Economic Freedom Snapshot
- 2016 Economic Freedom Score: 56.5 (up 0.1 point)
- Economic Freedom Status: Mostly Unfree
- Global Ranking: 121st
- Regional Ranking: 23rd in Sub-Saharan Africa
- Notable Successes: Monetary Freedom
- Concerns: Property Rights, Corruption, and Financial Freedom
- Overall Score Change Since 2012: +0.7
After President Amadou Toumani Touré was ousted in a March 2012 military coup, Tuareg separatists and militants linked to al-Qaeda took control of Northern Mali and declared independence. French armed forces restored government control in the major cities in January 2013, and former Prime Minister Ibrahim Boubacar Keita won the presidential election in a second round of balloting in August. In June 2015, the government and an alliance of Tuareg separatist groups signed a peace accord, but clashes between the separatists and pro-government militias soon resumed. Approximately 1,000 French troops remain in the country along with a U.N. peacekeeping operation. The economy depends on agricultural exports such as cotton for foreign exchange. Cotton-price fluctuations and drought contribute to poverty and political instability.
Government corruption remains a problem and was a factor in the Islamist takeover of the North. Demands for bribes are frequently reported in large public procurements and in both public and private contracting and investment projects. Corruption also poses an obstacle to foreign direct investment. The judicial system is inefficient and prone to corruption. Property rights are not adequately protected in practice.

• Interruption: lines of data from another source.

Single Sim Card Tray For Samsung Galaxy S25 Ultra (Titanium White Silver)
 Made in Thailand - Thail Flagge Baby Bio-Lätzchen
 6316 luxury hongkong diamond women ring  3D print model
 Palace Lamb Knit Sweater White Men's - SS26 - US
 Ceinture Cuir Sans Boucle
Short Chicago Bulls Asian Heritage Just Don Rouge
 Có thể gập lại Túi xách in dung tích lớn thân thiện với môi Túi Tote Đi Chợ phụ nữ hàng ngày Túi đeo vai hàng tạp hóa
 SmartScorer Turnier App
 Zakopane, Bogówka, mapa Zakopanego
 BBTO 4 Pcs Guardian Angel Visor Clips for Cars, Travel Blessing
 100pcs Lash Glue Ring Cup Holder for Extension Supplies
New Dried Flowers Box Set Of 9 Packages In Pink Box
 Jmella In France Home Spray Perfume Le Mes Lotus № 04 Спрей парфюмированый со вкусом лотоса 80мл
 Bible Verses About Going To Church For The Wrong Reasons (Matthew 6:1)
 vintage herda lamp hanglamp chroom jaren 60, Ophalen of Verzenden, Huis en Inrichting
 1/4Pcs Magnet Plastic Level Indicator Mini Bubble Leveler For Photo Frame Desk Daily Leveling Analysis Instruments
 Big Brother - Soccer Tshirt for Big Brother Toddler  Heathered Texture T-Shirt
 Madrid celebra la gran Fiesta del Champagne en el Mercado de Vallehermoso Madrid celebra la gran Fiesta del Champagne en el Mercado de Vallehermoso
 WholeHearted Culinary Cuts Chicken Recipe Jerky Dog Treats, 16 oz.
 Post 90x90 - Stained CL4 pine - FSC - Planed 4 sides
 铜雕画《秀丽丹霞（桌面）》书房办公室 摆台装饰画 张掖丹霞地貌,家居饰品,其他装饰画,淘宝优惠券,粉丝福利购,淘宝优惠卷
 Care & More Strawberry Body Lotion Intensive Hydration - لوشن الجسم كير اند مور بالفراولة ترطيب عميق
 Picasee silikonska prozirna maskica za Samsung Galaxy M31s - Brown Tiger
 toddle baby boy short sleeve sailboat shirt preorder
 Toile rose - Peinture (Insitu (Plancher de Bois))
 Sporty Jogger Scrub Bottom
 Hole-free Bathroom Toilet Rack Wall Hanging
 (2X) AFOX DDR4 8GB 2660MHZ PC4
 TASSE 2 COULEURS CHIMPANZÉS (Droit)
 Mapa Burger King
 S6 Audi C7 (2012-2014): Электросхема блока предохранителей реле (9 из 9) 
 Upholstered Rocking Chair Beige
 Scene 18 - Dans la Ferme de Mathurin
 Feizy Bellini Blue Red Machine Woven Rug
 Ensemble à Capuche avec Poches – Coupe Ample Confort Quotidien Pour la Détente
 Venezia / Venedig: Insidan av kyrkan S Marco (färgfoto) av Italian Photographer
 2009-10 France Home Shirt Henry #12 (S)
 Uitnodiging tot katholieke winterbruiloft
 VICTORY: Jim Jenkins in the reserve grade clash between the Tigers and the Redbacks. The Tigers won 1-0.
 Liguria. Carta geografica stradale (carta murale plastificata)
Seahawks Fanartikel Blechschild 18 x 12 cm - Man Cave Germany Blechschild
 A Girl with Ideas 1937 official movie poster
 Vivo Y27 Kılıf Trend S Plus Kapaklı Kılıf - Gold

The top individual income tax rate is 40 percent, and the top corporate tax rate is 35 percent. Other taxes include a value-added tax. Overall tax revenue equals 12.2 percent of total domestic income, and government spending has decreased to 23.9 percent of GDP. The budget has been in deficit for five years, and public debt has reached a level equal to about 30 percent of GDP.
Commercial regulations are not enforced effectively. Economic diversification has lagged, and much private-sector activity takes place outside of the formal economy. Labor regulations, although not fully enforced, are relatively rigid. In 2015, the IMF urged the government to take additional steps to place the state-owned, heavily subsidized electricity company’s finances on a sustainable footing.
Mali’s average tariff rate is 7.4 percent. Importation of goods is expensive and time-consuming. Foreign and domestic investors are generally treated equally under the law, and there are no limits on foreign ownership in most cases. The financial sector remains underdeveloped, and banks cannot provide adequate financing for entrepreneurial activity. Much of the population has little access to formal financial services and relies on informal lending.